WORK REQUIRED:
Your task is to copy every line below that contains the word "table".
*** RECORDS FOR THIS EXERCISE Section Begins ***
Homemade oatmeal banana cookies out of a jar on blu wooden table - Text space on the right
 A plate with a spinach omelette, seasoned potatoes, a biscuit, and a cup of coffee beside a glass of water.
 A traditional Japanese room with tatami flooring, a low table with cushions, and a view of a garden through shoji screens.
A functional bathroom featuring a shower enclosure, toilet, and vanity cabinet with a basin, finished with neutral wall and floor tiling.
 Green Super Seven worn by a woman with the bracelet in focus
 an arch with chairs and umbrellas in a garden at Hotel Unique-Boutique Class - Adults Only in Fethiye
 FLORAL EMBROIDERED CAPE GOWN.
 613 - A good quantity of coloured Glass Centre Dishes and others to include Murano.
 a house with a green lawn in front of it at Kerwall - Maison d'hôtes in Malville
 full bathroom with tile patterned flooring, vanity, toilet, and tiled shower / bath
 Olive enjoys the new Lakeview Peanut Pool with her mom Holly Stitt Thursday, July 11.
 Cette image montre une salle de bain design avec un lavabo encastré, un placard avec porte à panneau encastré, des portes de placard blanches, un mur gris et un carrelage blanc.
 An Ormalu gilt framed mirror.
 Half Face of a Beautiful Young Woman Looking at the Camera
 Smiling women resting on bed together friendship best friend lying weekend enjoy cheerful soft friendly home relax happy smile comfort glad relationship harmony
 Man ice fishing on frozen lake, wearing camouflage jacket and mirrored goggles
*** RECORDS FOR THIS EXERCISE Section Ends ***
REPLY TO THE TASK:
Homemade oatmeal banana cookies out of a jar on blu wooden table - Text space on the right
 A traditional Japanese room with tatami flooring, a low table with cushions, and a view of a garden through shoji screens.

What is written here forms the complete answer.